====== RECORDS FOR PROCESSING
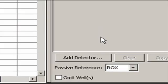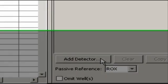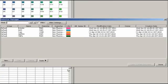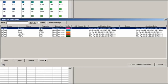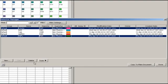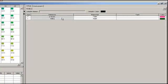We need to tell the software what assays are on the plate. To do so, click Add Detector. Now, I'll just highlight my control gene, Beta Actin, and using the control key, also select a target gene, TNF-alpha. I copy these to the plate document and click Done. And there they are.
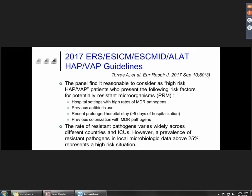It's probably reasonable to consider as high-risk patients those presenting the following risk factors for potentially resistant microorganisms: hospital settings with high rates of MDR pathogens (your local epidemiology), previous antibiotic use, a recent prolonged hospital stay above five days, or known colonization with a very difficult-to-treat microorganism. In that case, you need to cover for Pseudomonas aeruginosa and other difficult-to-treat gram-negative bacilli.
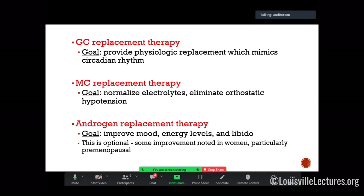For mineralocorticoid replacement in primary adrenal insufficiency, we use fludrocortisone, starting at 0.05 milligrams daily, increasing to 0.1 milligrams daily if still orthostatic. This doesn't need to be doubled in times of stress. Note: hydrocortisone at 50 milligrams or more acts as a mineralocorticoid, so during stress dosing in the hospital you don't need to add fludrocortisone. But as soon as the dose drops below 50 milligrams, add back their home fludrocortisone. Some patients may benefit from androgen replacement therapy for primary AI, particularly menopausal women for libido, though evidence is limited.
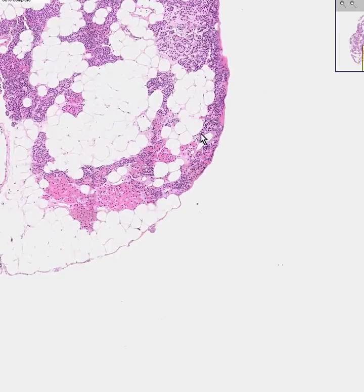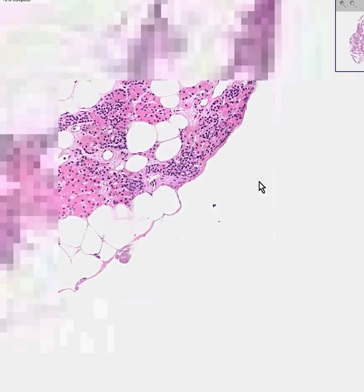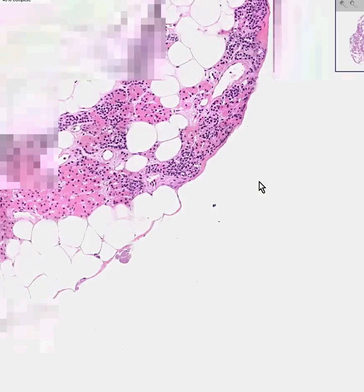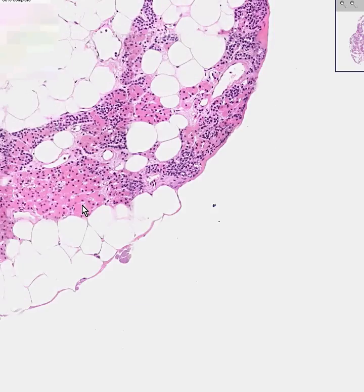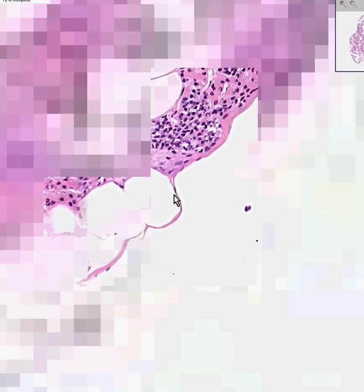Let's zoom in a couple more pops. We'll see that clearly the oxyphil cells stand out like a sore thumb because they are very red. They have a lot more cytoplasm, and otherwise the nuclei of the oxyphil cells look a lot like the nuclei of the chief cells.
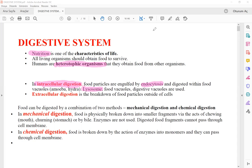Many cells can perform intracellular digestion, such as amoeba, hydra, or white blood cells of humans. But we are going to especially emphasize extracellular digestion in this unit, because extracellular digestion occurs inside the body but outside of the cell. The food particles break down into monomers inside the digestive tract — for example, the lumen of the intestine is outside of the cell. The mouth is inside the body but outside of the cell. When food particles are mixed with digestive enzymes outside of the cell, it is called extracellular digestion.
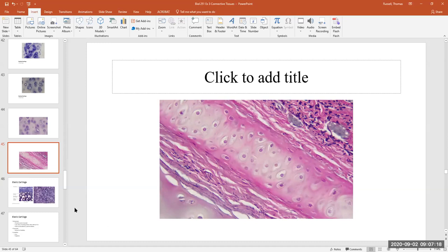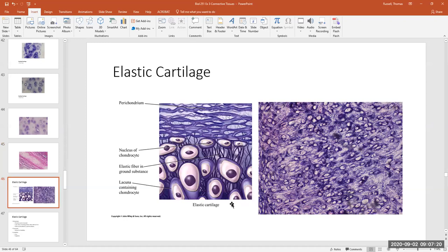Looking at this cartilage — elastic cartilage — all cartilages have lacunae where the chondrocytes live. In elastic cartilage there is an abundance of elastic protein fibers. Elastic cartilaginous pads also contain a perichondrium. Here's a real photomicrograph of elastic cartilage. The little holes are the lacunae, and now on the outside of the holes you see little dark-staining protein fibers — those are the elastic protein fibers.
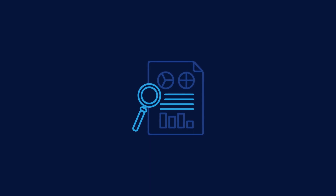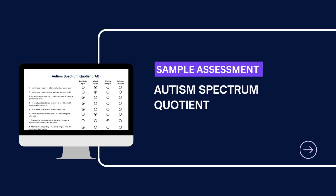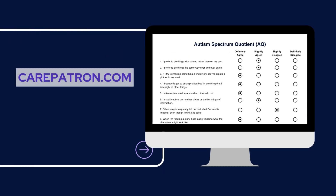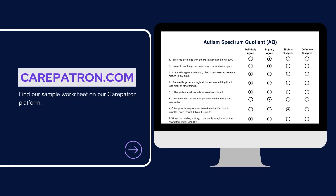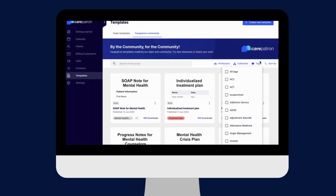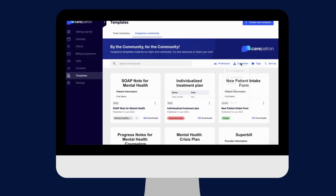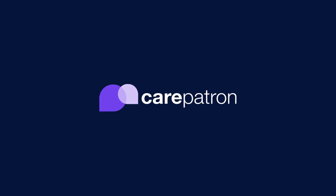Note that this is not a definitive diagnostic tool. Here is a sample of our Autism Spectrum Quotient, which you can find on our CarePatreon platform. To find it, go to our CarePatreon platform or click on the link in the description. In our Templates section, we have a variety of templates and worksheets for you to use with your patients. You can filter or type in keywords to find the worksheet.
============
§ **DIRECTIONS FOR THIS TASK**:
Your answer is the exact run of lines above from the one with "Let's zoom in" through the one with "Many cells can", both ends included, minus any picture.

§ **ANSWER TO THE EXERCISE**:
Let's zoom in a couple more pops. We'll see that clearly the oxyphil cells stand out like a sore thumb because they are very red. They have a lot more cytoplasm, and otherwise the nuclei of the oxyphil cells look a lot like the nuclei of the chief cells.
Many cells can perform intracellular digestion, such as amoeba, hydra, or white blood cells of humans. But we are going to especially emphasize extracellular digestion in this unit, because extracellular digestion occurs inside the body but outside of the cell. The food particles break down into monomers inside the digestive tract — for example, the lumen of the intestine is outside of the cell. The mouth is inside the body but outside of the cell. When food particles are mixed with digestive enzymes outside of the cell, it is called extracellular digestion.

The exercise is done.